What needs to be done: Whenever a picture appears in the records, exclude it, and transcribe everything else exactly.

Listed entries:
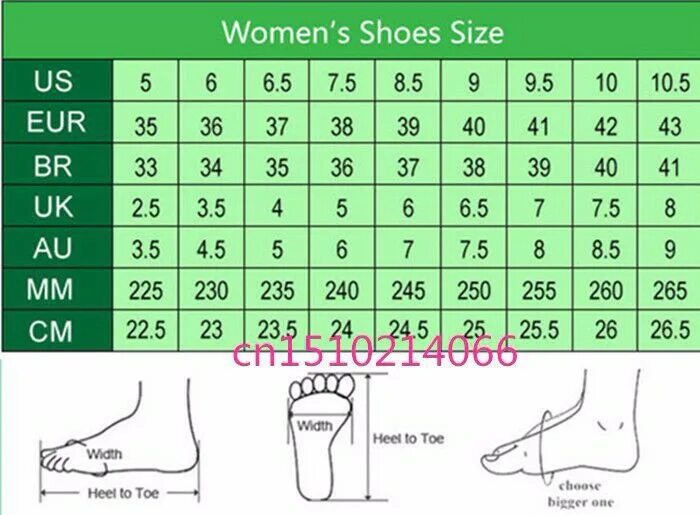 245 мм размер. 230 Размер обуви женской. 240 Размер обуви женский. 235 Размер. 240 Мм на обуви.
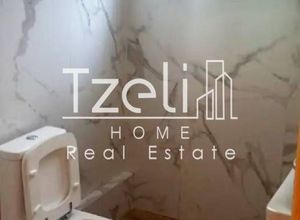 Διαμέρισμα για ενοικίαση - Άλιμος, - Photo 3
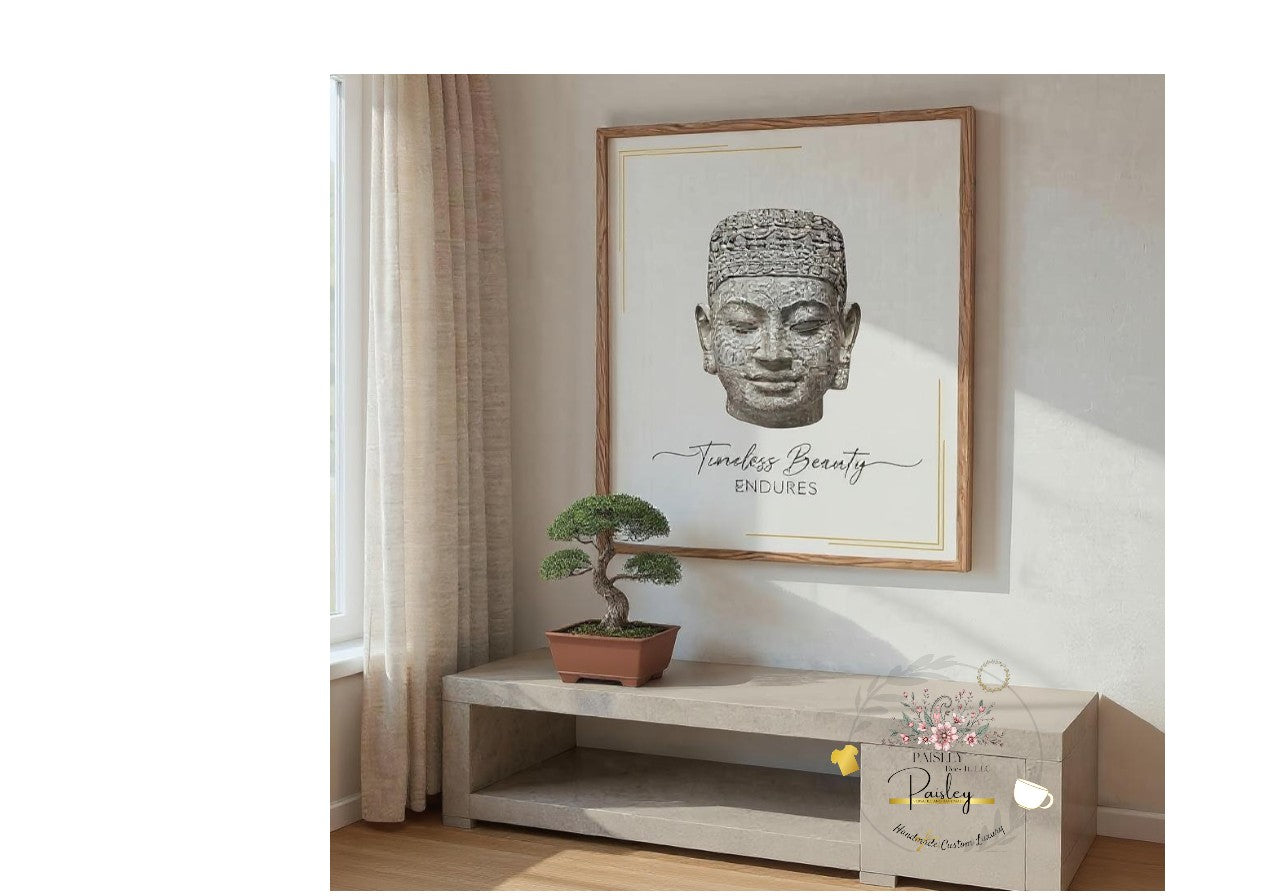 Ancient Wisdom Collection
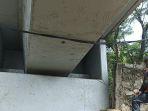lokasi-penemuan-mayat1.jpg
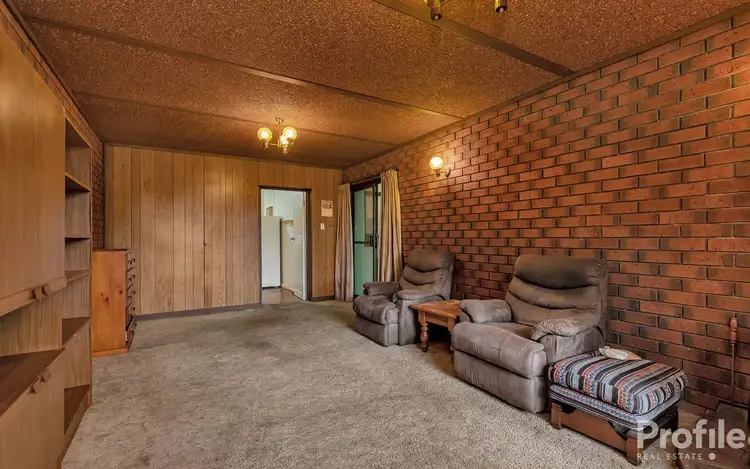 Sixth view of Homely house listing, 14 O'grady drive, Para Hills SA 5096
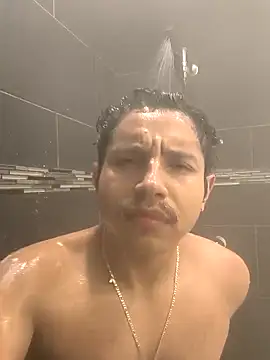 kSwisssxxx online show from December 18, 3:02 am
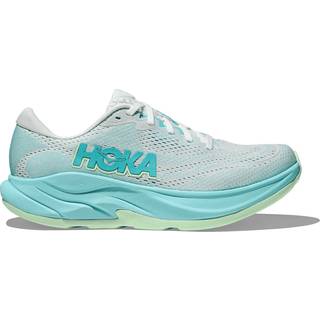 Hoka W RINCON 4 Frost/BlueSpark, EU 42 2/3
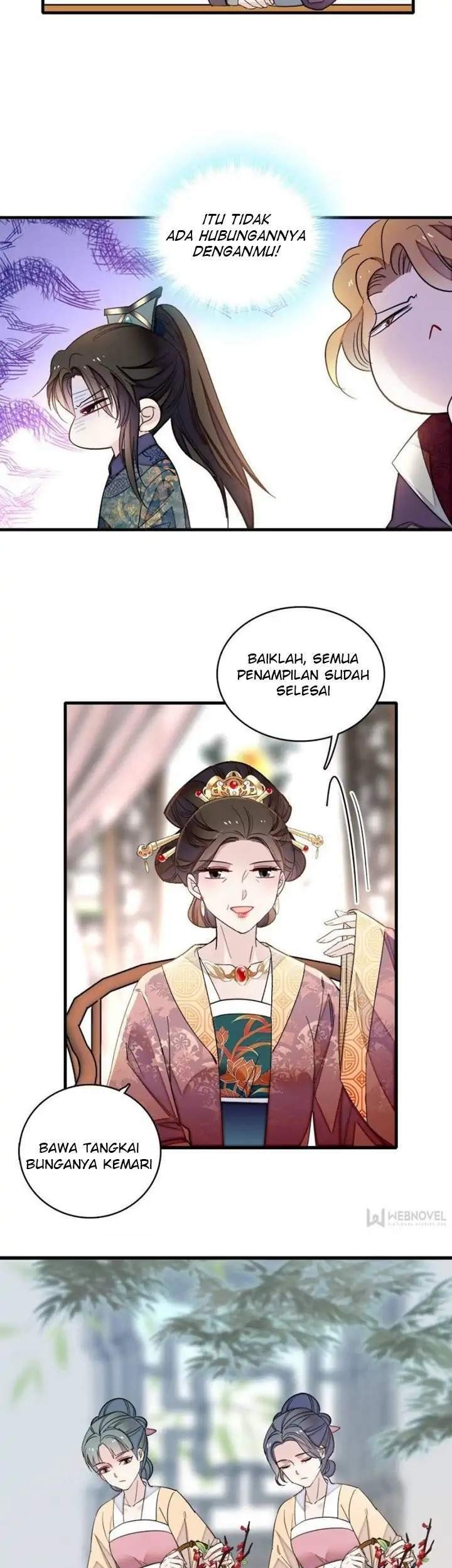 Sijin Bab 126 halaman 15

Written reply:
 245 мм размер. 230 Размер обуви женской. 240 Размер обуви женский. 235 Размер. 240 Мм на обуви.
 Διαμέρισμα για ενοικίαση - Άλιμος, - Photo 3
 Ancient Wisdom Collection
lokasi-penemuan-mayat1.jpg
 Sixth view of Homely house listing, 14 O'grady drive, Para Hills SA 5096
 kSwisssxxx online show from December 18, 3:02 am
 Hoka W RINCON 4 Frost/BlueSpark, EU 42 2/3
 Sijin Bab 126 halaman 15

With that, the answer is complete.